Japanese Codepoints

A high-performance, zero-dependency Rust library for Japanese character validation and code point handling based on JIS standards.

This library provides collections of Unicode code points for various Japanese character sets, with advanced validation macros and static caching for optimal performance. Perfect for input validation in systems with strict character requirements (e.g., legacy mainframe integration, payment systems, government applications).

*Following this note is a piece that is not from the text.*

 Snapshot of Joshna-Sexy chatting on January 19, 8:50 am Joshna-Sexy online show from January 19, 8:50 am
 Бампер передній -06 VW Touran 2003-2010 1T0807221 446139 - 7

Rust port of terasoluna-gfw-codepoints (Java) - reimagined with Rust's type system and zero-cost abstractions.

Features

High Performance: Static caching via OnceLock eliminates repeated allocations (1900× faster than creating new instances)
Zero Dependencies: No external dependencies for faster compile times and smaller binaries
Type Safety: Leverages Rust's ownership system to prevent runtime errors
Feature Flags: Compile only the character sets you need
Validation Macros: Ergonomic macros for common validation patterns
Zero-Copy Operations: Efficient set operations (union, intersection, difference)

Character Sets

The library is organized using feature flags to keep it lightweight. You only need to enable the character sets you require.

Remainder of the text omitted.